In this article, we will check the way to unlock a container in OpenVZ
OpenVZ
OpenVZ is an operating system-level virtualization technology for Linux. It allows Multiple isolated OS instances, called containers/Virtual Private Servers(VPS)/Virtual Environments(VE) to run on one physical server.
Action Scripts
There could be some situations once you need to perform additional actions when a container is started/stopped. You need OpenVZ action scripts to perform these additional operations to manage a particular container. Action scripts are located in the /vz/private/CTID/scripts/ and /etc/vz/conf directories. There are both global and user-defined scripts for containers. The worldwide action scripts can be executed for all containers and user-defined action scripts are often only un a selected container identified by the container id(CTID). The vzctl has the capability to execute user-defined scripts when a selected vzctl command is run in a container. The vzctl command can execute action scripts like start, stop, restart, mount, and unmount.
syntax
—vzctl [flags] CTID –parameter value[…]
Example
1) To start out a container
—vzctl start CTID [–wait] [–force]
2) To prevent a container
—vzctl stop CTID [–FAST]
3) To restart a container
—vzctl restart CTID [–fast] [–skip-unmount]
4) To understand the present status of a container
—vzctl status CTID
where, start, stop, restart, status is the action script and the CTID is the Container ID.
Locked Container
The OpenVZ container fails to start out and becomes unresponsive sometimes if the action scripts don’t work properly. Sometimes the container will get stuck or unresponsive when time-consuming processes like automated or manual virtuozo backups. At this stage, the container will be unresponsive and is mentioned to be in a locked stage. While starting the OpenVZ container you’ll get an error like this
—[root@server ~]# vzctl stop CTID
—Container already locked
You won’t be ready to start, stop, restart or run any action scripts on the container at this stage.
Solution
Kill the method
If multiple failed attempts are made to start out or restart the container, then every such event will have a separate process id(PID). You want to remove all those pid and also the lock file. The pid can be found out by running the below command.
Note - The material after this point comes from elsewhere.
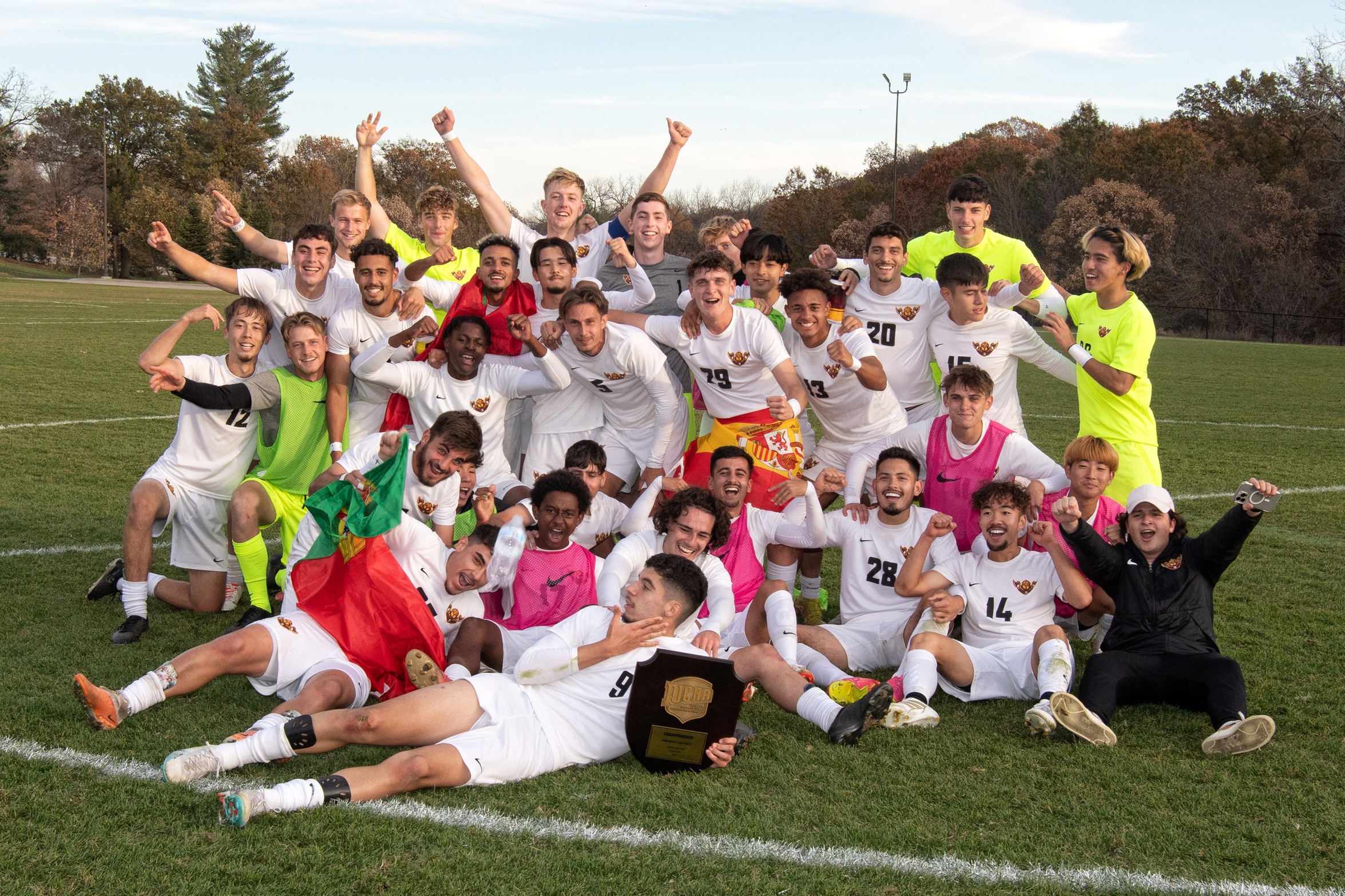 DISTRICT CHAMPIONS! WARRIORS ADVANCE TO NATIONALS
—ps aux | grep /usr/sbin/vzctl start CTID
—ps aux | grep /usr/sbin/vzctl restart CTID
You can kill the method by killing all those pid found from the above command. Run this command to kill every founded pid.
—kill -9 pid
Delete the lock file
The lock file contains no data and exists as an empty marker file. It contains properties and settings for the lock. The lock file signals the applications that a resource shouldn’t be used until the lock is released. The default location of the lock file is
—/vz/lock/CTID.lck
To release the resources and free the container from the lock, this file must be deleted. Each container has its own specific lock file. To delete the lock file use the command given below.
—[root@server ~]# rm /vz/lock/CTID.lck
—rm : remove regular file ‘/vz/lock/CTID.lck’? y
Kill the checkpoint
Finally kill the checkpoint of the container to unlock and free the resources. The parameter –kill is used to kill the container checkpoint.
—[root@server ~]# vzctl chkpnt CTID –kill
—Killing…
The container isn’t running
Start the container
Once you’ve run all of them, you’ll re-run your container using vzctl start/restart/stop command.
If you would like any longer help please contact our support department.